Is the Mormon God the Christian God?

The most important question to be asked when evaluating Robinson’s arguments for recognizing Mormonism as Christian is, “Is the God of Mormonism the God of Christianity?” If the Mormon God is not the Christian God then there can be no thought of understanding Mormonism as Christian.

Robinson readily admits that much of what Mormonism teaches about God cannot be found in the Bible. He insists, however, that this does not mean that the Mormon God is not the biblical God, only that LDS modern revelation has explicated some areas concerning God on which the Bible is silent.28 Concerning God’s corporeality he declares, “I do maintain that the Bible makes no unambiguous statement about the materiality or immateriality of the Father, and that we may therefore think of him either as having a body or as not having a body without ‘contradicting’ the Bible.”29 In other words, the Mormon understanding of God is extra-biblical, but not un-biblical. He also admits freely that Mormonism has a different concept of God than “orthodox” Christianity because “orthodox” Christianity has a doctrine of God that is the product of an influx of Hellenistic thought corrupting and distorting the biblical picture of God.

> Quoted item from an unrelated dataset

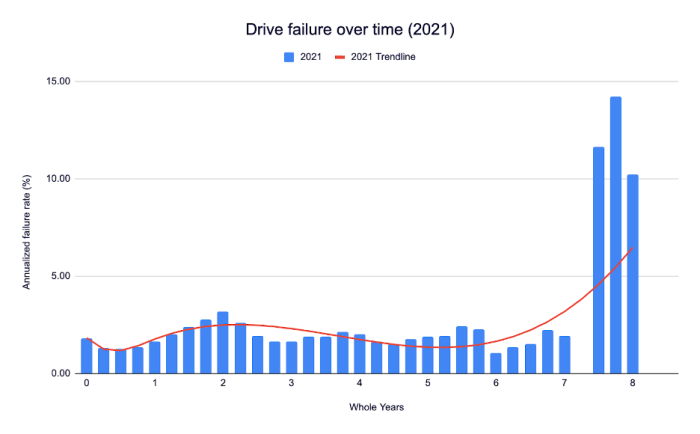 Ausfallraten von Festplatten bei Backblaze 2021 (Bild: Backblaze)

To those who insist that a corporeal God is not consistent with 1 Timothy 1:17, which states, among other things, that God is invisible, he responds that aoratos does not mean invisible, but simply unseen. The upshot of this understanding of aoratos is that one is left with a god who plays hide and seek.

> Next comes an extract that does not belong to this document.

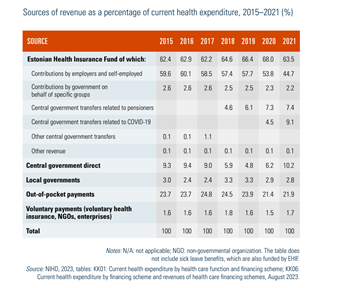Sources of revenue as a percentage of current health expenditure, 2015–2021 (%)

The fact that LDS teach that God has a body,30 does not prevent the Mormon God from being omnipresent, according to Robinson, because God’s omnipresence is spiritual, not physical, in nature.31 To those who insist on understanding John 4:24 as teaching the incorporeality of God he replies that the text should be translated “God is Spirit,” not “God is a Spirit.” “Latter-day Saints do not dispute this passage at all, unless it is interpreted as limiting God to being merely a spirit.”32 This limited understanding of God as merely spirit comes from Greek philosophy rather than the biblical witness, according to Robinson. In rejecting Greek metaphysics, he writes, “God is spirit, but he is also element; both aspects of existence are included and encompassed within his glorious being. That he is either one does not limit the fact that he is also the other—and infinitely more.”33

Robinson’s argument seems rather disingenuous to those familiar with Mormonism. He is employing the language gap of which he complains in his introductory remarks34 to take advantage of the evangelical Christian belief that there is an ontological difference between spirit and matter. For example, Robinson argues that Mormonism’s God can be omnipresent because his omnipresence is spiritual, not physical. According to Mormon scripture, however, spirit actually is material: “There is no such thing as immaterial matter. All spirit is matter, but it is more fine or pure, and can only be discerned by purer eyes; We cannot see it; but when our bodies are purified we shall see that it is all matter” (Doctrine & Covenants 131. It is hard to imagine Robinson is unaware that the Book of Mormon teaches that “the spiritual aspect of God’s existence” is coextensive with that of his physical aspect. In a supposed preincarnate appearance, Christ says, “Behold, this body, which ye now behold, is the body of my spirit; and man have I created after the body of my spirit; and even as I appear unto thee to be in the spirit will I appear unto my people in the flesh” (Ether 3:16). Mormon scriptures render Robinson’s argument here very “non-official” (and perhaps even unorthodox by LDS standards).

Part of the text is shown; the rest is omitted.